[Recorded data]
╭──

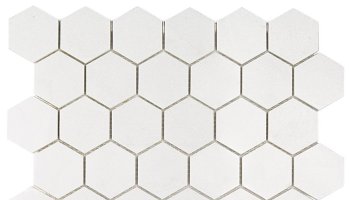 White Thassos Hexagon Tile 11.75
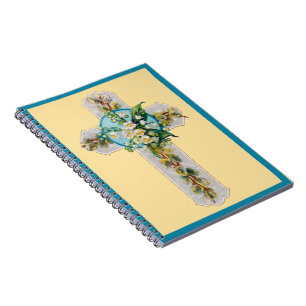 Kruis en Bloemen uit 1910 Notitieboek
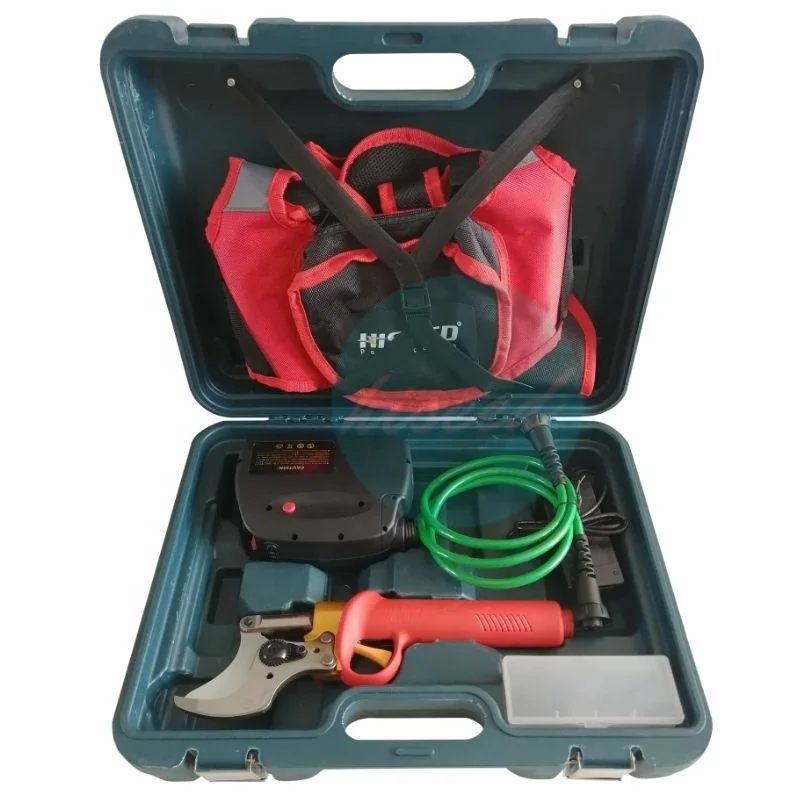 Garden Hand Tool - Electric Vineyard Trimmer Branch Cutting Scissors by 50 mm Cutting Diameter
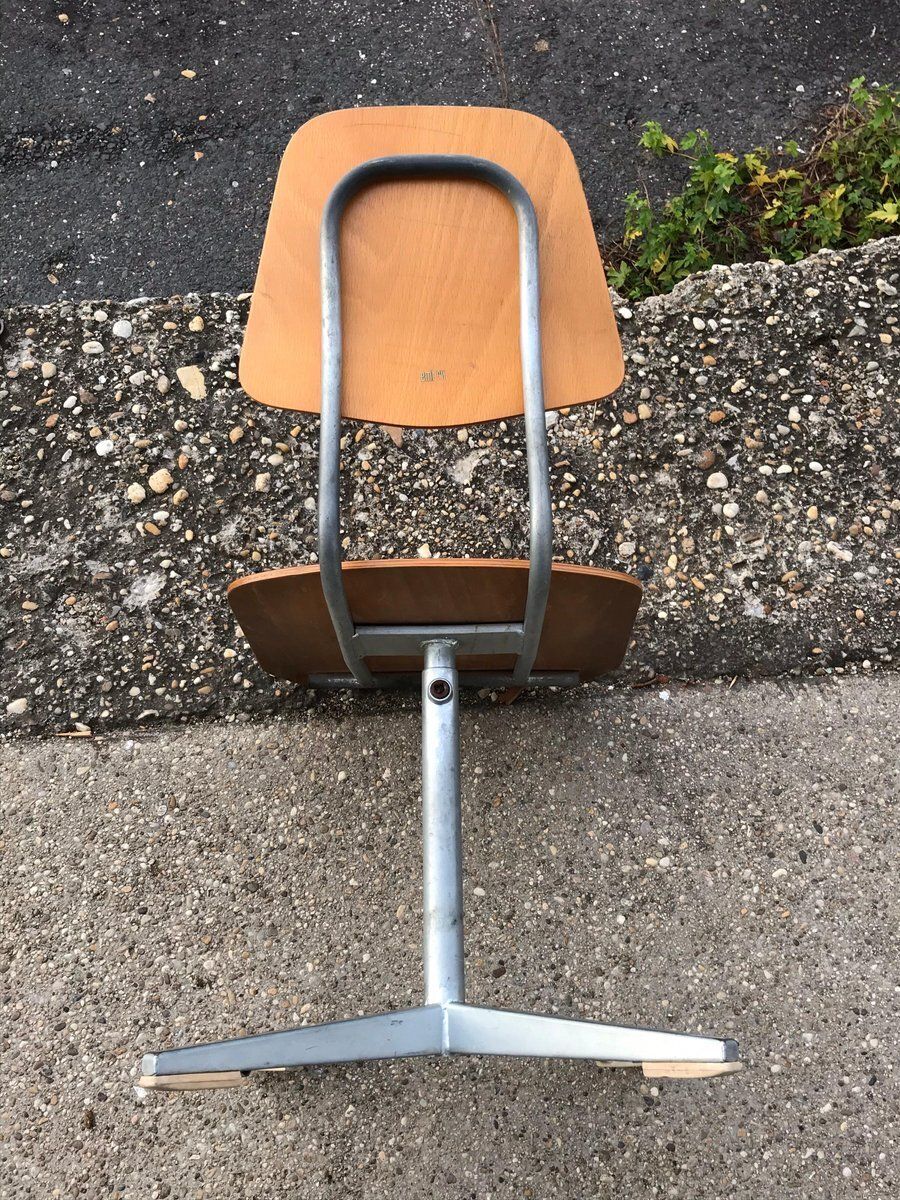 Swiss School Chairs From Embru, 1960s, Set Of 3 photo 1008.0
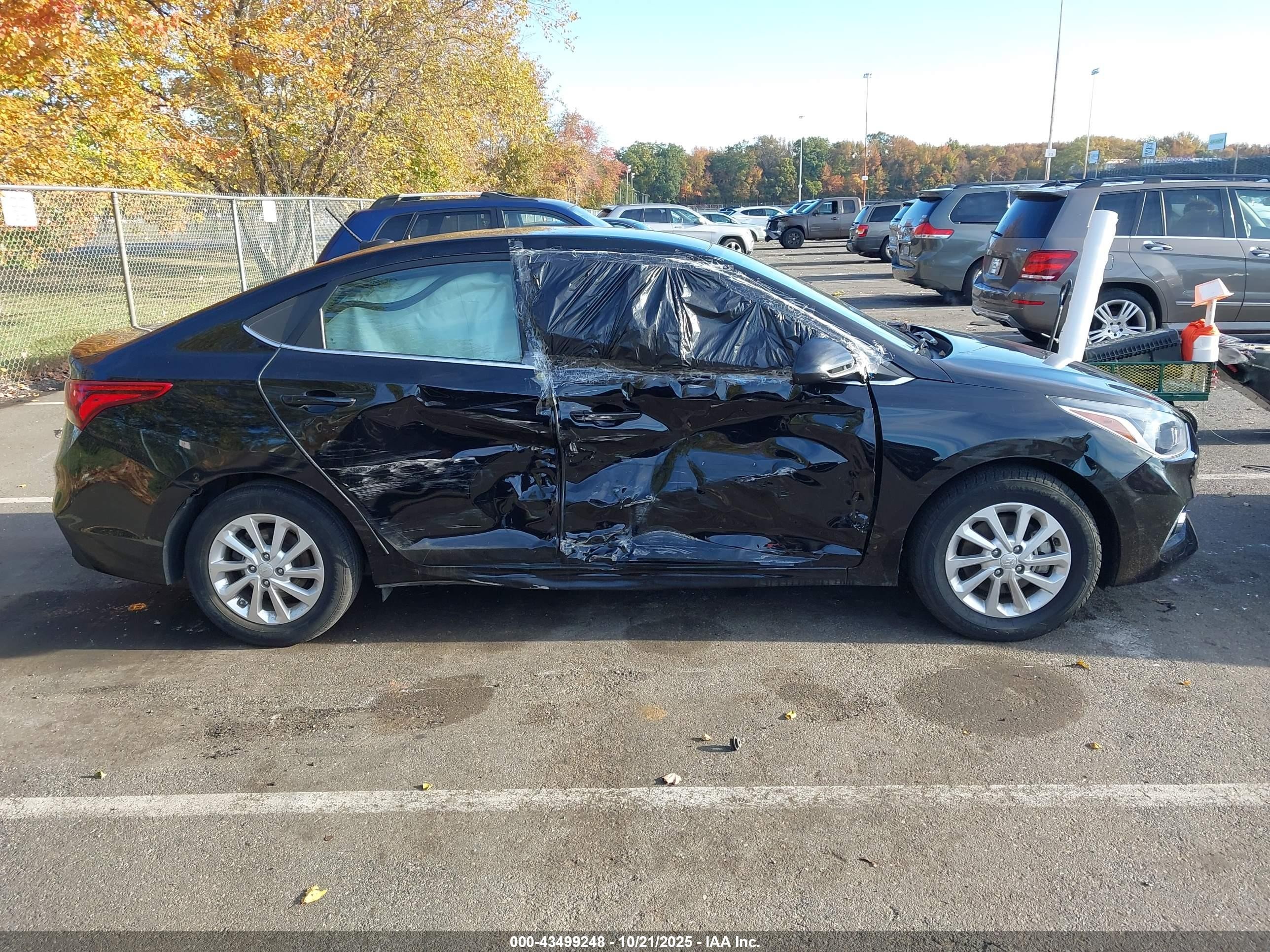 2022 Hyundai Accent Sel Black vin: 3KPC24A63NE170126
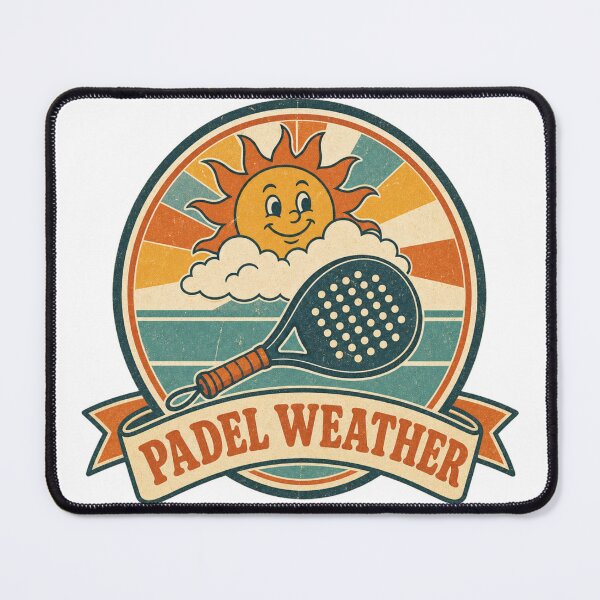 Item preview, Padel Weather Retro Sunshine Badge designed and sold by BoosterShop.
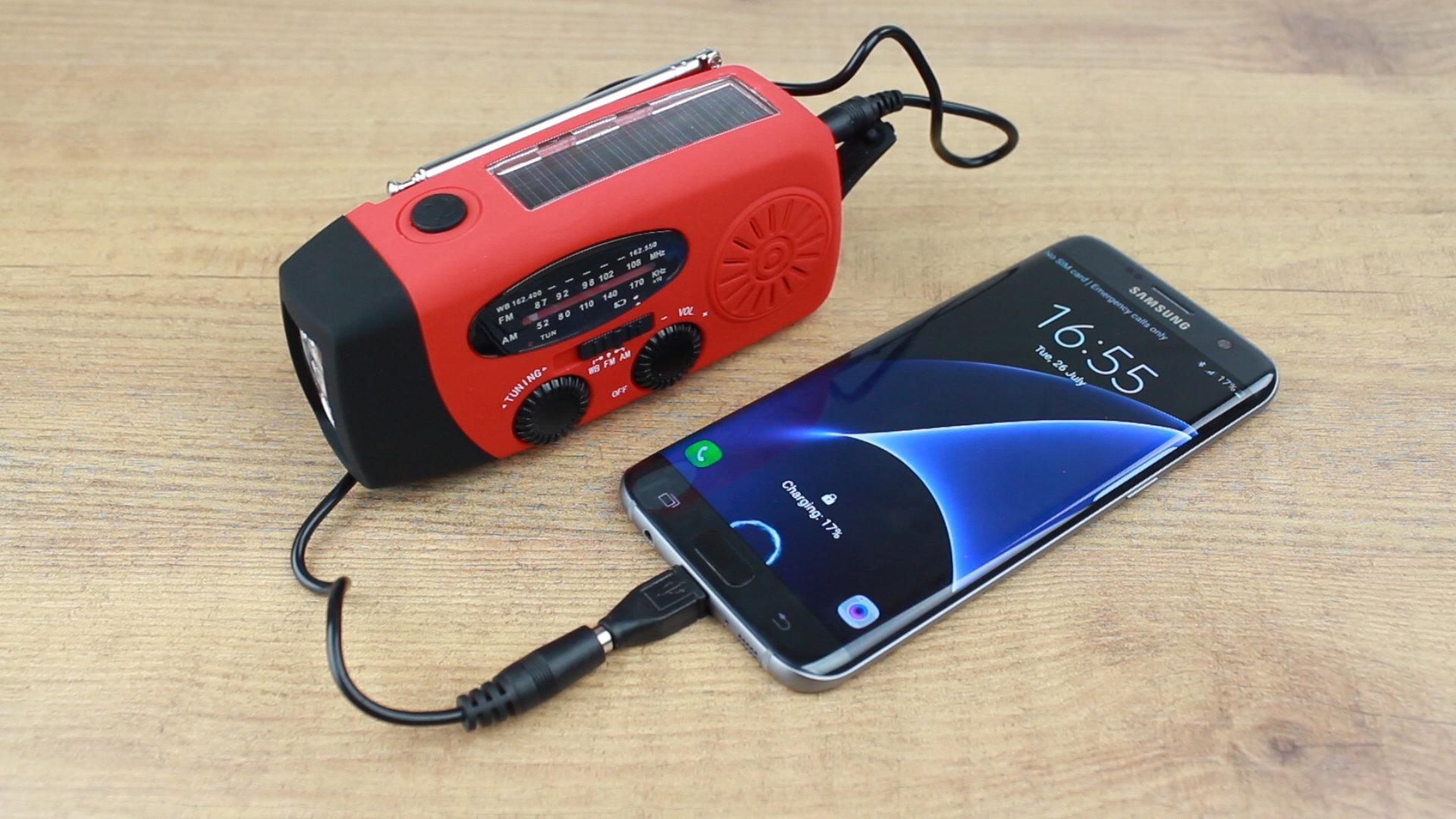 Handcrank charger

╰──

Starting at the line with "Item preview, Padel", reproduce exactly each line through the end of the entries, including the first and the last, and skip the pictures.

> **Expected answer**:
 Item preview, Padel Weather Retro Sunshine Badge designed and sold by BoosterShop.
 Handcrank charger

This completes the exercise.